I don’t need my talent to know what they’ve got planned. They heave me over the side, tied to the anchor, and I’m done.
I close my eyes and try to suck down a deep breath. Everything spins again. I just need a minute to recover. That’s all I need.
I’m not going to get it. Strong hands lift me up. I can’t even get their names from their minds, or anything about them. My brains are still too scrambled. I’m going to have to do this with brute force alone.
Problem is, I don’t have much of that either at the moment. But I’ve got to try.
I start kicking furiously, but they’ve already got the cord looped around my feet.
“Aren’t you done yet?”
“Can’t get the knot tied if he keeps moving.”
I can feel the cord cinch tightly around my ankles. If he knots that thing to me, I’m truly dead. No way I can untie it before I drown.

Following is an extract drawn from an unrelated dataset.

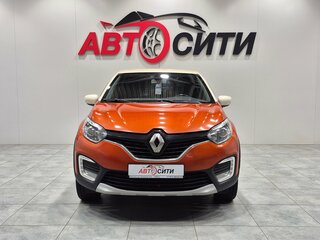 2016 Renault Kaptur I, оранжевый, 1077000 рублей, вид 2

So I take my best shot. I thrash and buck and kick. One guy drops me, banging my head on the deck again. The second guy tightens his grip while the third guy kneels on my legs. They have me laid out and helpless, like a fish they’ve just landed.
I keep struggling. I feel a little slack in the cord. It’s the best I’m likely to get.
I use everything I’ve got and hinge upward from the middle. The first guy moves back, just in time to avoid my skull cracking into his. The guy on my legs does not. His eyes go wide, and I head-butt him right in the nose. I hear bone snap. He falls back, holding his face, bleeding and shouting in pain.